LISTED ENTRIES |
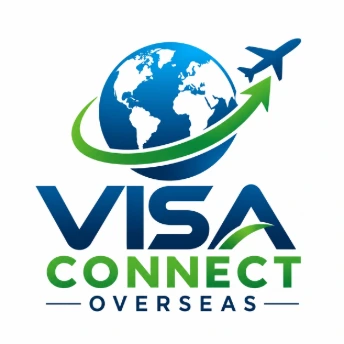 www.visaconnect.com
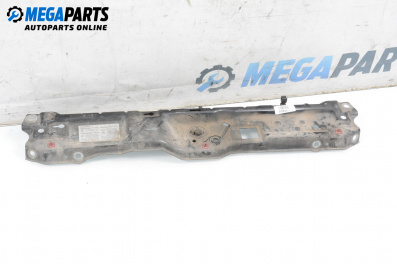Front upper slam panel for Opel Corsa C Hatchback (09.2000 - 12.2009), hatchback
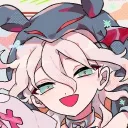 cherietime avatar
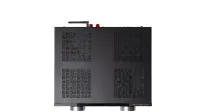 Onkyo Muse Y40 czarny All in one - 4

* * *

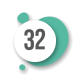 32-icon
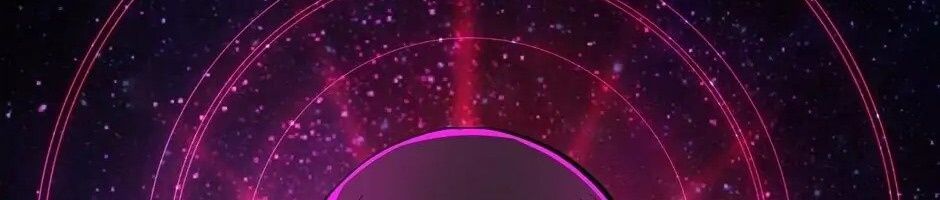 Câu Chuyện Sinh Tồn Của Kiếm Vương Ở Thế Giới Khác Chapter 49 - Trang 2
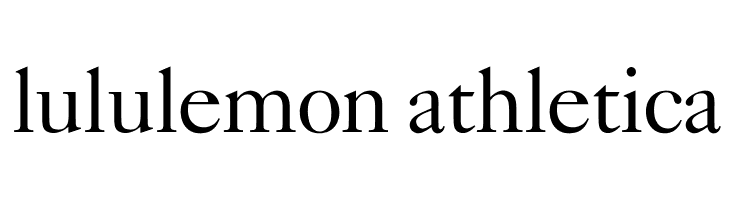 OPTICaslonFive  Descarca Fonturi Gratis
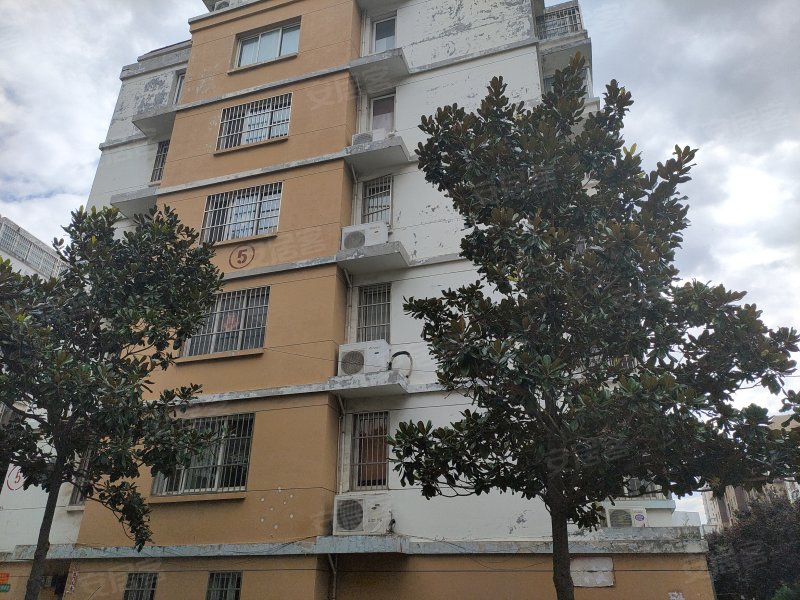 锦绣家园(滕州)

---

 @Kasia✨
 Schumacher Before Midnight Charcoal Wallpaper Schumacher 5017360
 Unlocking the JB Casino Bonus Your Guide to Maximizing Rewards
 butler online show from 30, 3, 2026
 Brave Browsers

BRIEF |
Please give back exactly the lines of this listing beginning at the line with "Unlocking the JB" and ending with the line with "Brave Browsers", both included, and nothing else.

RESULT BELOW |
 Unlocking the JB Casino Bonus Your Guide to Maximizing Rewards
 butler online show from 30, 3, 2026
 Brave Browsers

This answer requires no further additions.